Die zusätzlich eingebundenen Qualitätsdaten – ebenfalls pro Takt – machen Rückverfolgbarkeit greifbar: Kommt es zu Abweichungen, stehen die Daten direkt im Kontext zur Verfügung. Das fördert nicht nur die Eigenverantwortung, sondern schafft auch ein kontinuierliches Feedback in der Linie.

Auch im Bereich Logistik bringt die Visualisierung klare Vorteile. Die Mitarbeitenden sehen sofort, welche Aufträge zur Verladung freigegeben sind und welche Priorität besitzen. Das verbessert die Abstimmung mit Versandfenstern und vereinfacht die Kommunikation zwischen Montage, Lager und Warenausgang erheblich.

Perspektive: Erweiterung bereits geplant

Aktuell sind 18 Peakboard Boxen im Einsatz – schwerpunktmäßig in der Endmontage. Eine Erweiterung auf weitere Linien und Bereiche ist in Planung. Besonders der modulare Aufbau und die einfache Anpassung an neue Datenquellen machen es möglich, zukünftige Prozesse direkt bei der Planung mit der entsprechenden Visualisierung zu versehen.

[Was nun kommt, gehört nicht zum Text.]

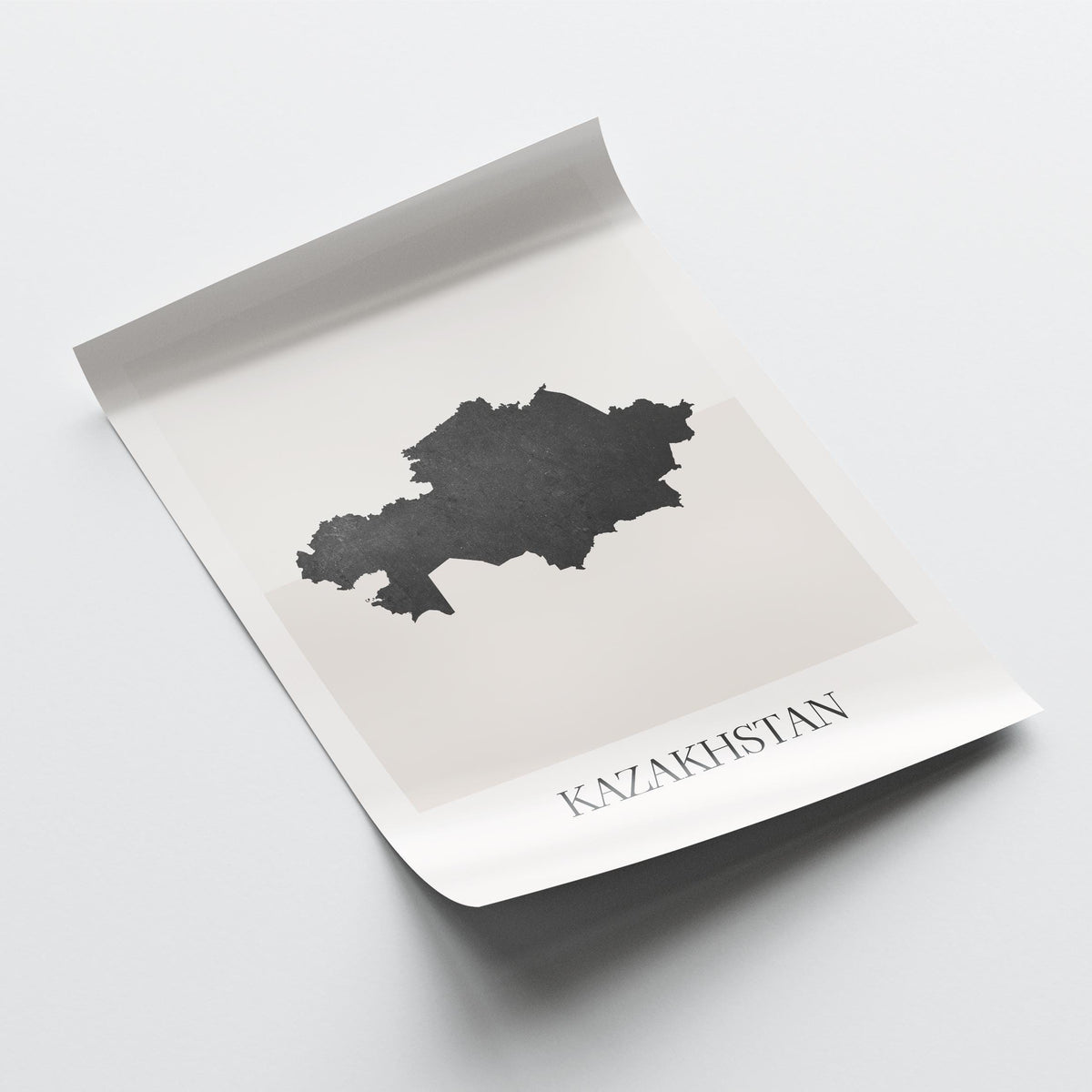 kazakhstan map poster - minimalist boho wall art - digital download - image 4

Warzecha zieht ein positives Zwischenfazit: „Der Schlüssel für die Datenvisualisierung liegt in einer guten Datenbasis und deren strukturierter Bereitstellung. In zukünftigen Projekten wird die Visualisierung gleich mitgedacht – nicht als nachgelagerter Schritt.“ Das alte Eigenbau-System hat damit ausgedient. Stattdessen ist eine skalierbare Lösung entstanden, die sich nahtlos in die digitalisierte Produktion von Claas einfügt.